WHAT IS EXPECTED:
Could every line below be transcribed exactly, with the pictures dropped?

DATA BELOW:
━━━━━━━━━━━━━━━━━━━━

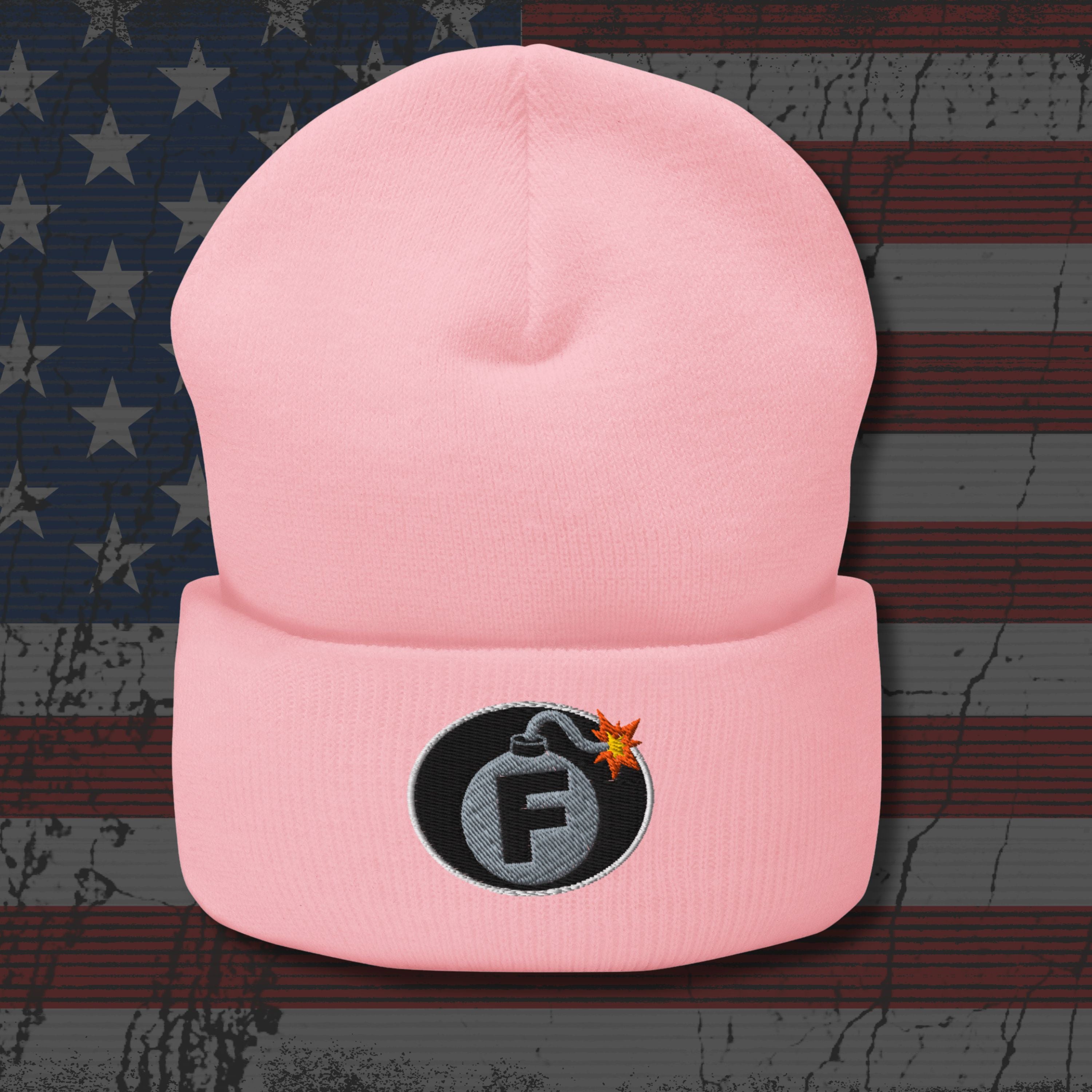 Pink beanie with a bomb-themed patch featuring the letter 'F' on an American flag background.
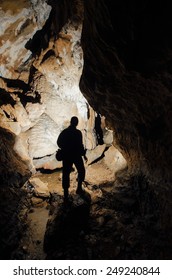 Dark Cave With Explorer Silhouette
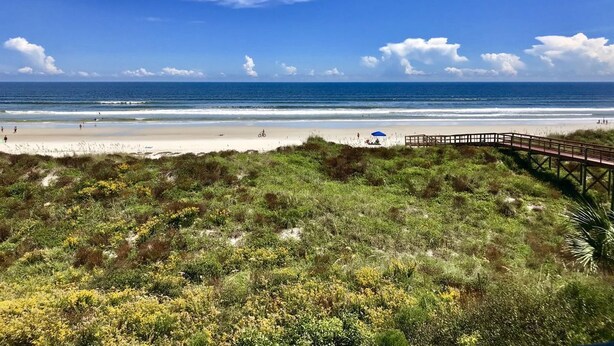 A beach with a wooden boardwalk, sandy shore, and grassy dunes.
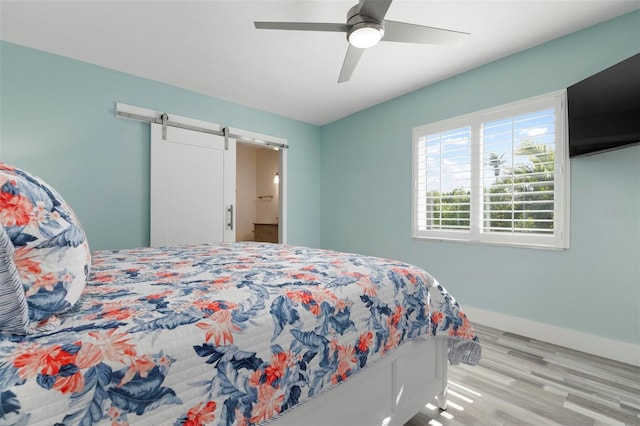 bedroom with connected bathroom, a barn door, ceiling fan, and light wood-type flooring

━━━━━━━━━━━━━━━━━━━━

RESPONSE AREA:
 Pink beanie with a bomb-themed patch featuring the letter 'F' on an American flag background.
 Dark Cave With Explorer Silhouette
 A beach with a wooden boardwalk, sandy shore, and grassy dunes.
 bedroom with connected bathroom, a barn door, ceiling fan, and light wood-type flooring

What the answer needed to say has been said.